As Eric points out, 3/4 of the recent crime reduction had nothing to do with incarceration. (Levitt thinks legalization of abortion was a major causal factor - perhaps you agree since you say you rely on his work - and that spending on police reduces crime much more than spending on incarceration. You claim "At no point ... have I "attribute[d] ALL crime decline to incarceration." But you never mention any of these other causes and advocate incarceration even when a cost-benefit analysis no longer justifies it. ("It means you're getting less per dollar spent, not that you're getting nothing.")

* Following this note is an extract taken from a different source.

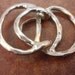 Three Circle Organic Sterling Silver Clasp (PS1-03)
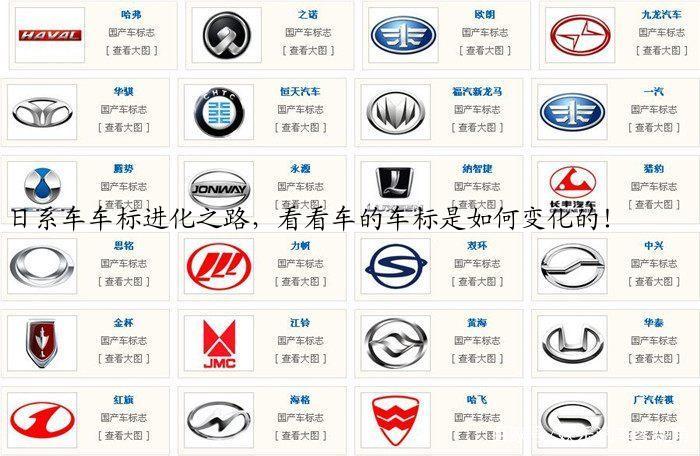 日系车车标进化之路，看看车的车标是如何变化的！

Dr. Spelman concluded based on a cost-benefit analysis (with the "benefit" being crime reduction), that incarceration levels are more than double what would be required to maximize public safety, so if you're relying on their analyses (are you sure you've read their work? they wrote separate papers, it's not the same study) then your boosterism for expanding incarceration makes little sense. Based on the Levitt and Spelman studies, if that's really what you're relying on, it's hard to understand why you cherrypick the one aspect you like ("incarceration reduces crime") but ignore the larger causes and more profound conclusions the authors draw from the same data regarding policies that reduce crime even more.
Posted by: Gritsforbreakfast | Jan 24, 2012 10:23:21 AM
"As Eric points out, 3/4 of the recent crime reduction had nothing to do with incarceration."
Not only did I never deny that, I implicitly but unmistakeably affirmed it by noting that incarceration accounts for 1/4 of the decrease. No sensate person could fail to understand that that means other factors accounted for the rest. And I noted, on this thread, two of the other crime reducing factors Levitt and Spelman point to.
(On earlier threads, I have mentioned the finding of greater availability of abortion as well. I have also repeatedly provided the link to the Levitt paper for those who wish to see for themselves.)
"You claim 'At no point ... have I "attribute[d] ALL crime decline to incarceration.'"
That claim is true, as I would be happy to testify under oath. Your contrary claim is false.
"But you never mention any of these other causes..."
That claim is also false. I mentioned two of them on this very thread, Bill Otis | Jan 23, 2012 5:47:24 PM.
"...and advocate incarceration even when a cost-benefit analysis no longer justifies it. ('It means you're getting less per dollar spent, not that you're getting nothing.')"
That's because amorphous but central concepts like just dessert cannot be quantified and thus cannot be captured by cost-benefit analysis.
Example of the primacy of just dessert: The defense costs alone for the Timmy McVeigh capital case were over $13 million. We could have saved most of that by bargaining it down to LWOP. Had we done so, it would have been an outrage beyond words.
"...it's hard to understand why you cherrypick the one aspect you like ('incarceration reduces crime')..."
Because the great majority of the board cherrypicks everything and anything else.
"...but ignore the larger causes and more profound conclusions the authors draw from the same data regarding policies that reduce crime even more."
As noted, I do not ignore the other causes, which are, contrary to your apparent implication, cumulative to rather than exclusive of incarcertation.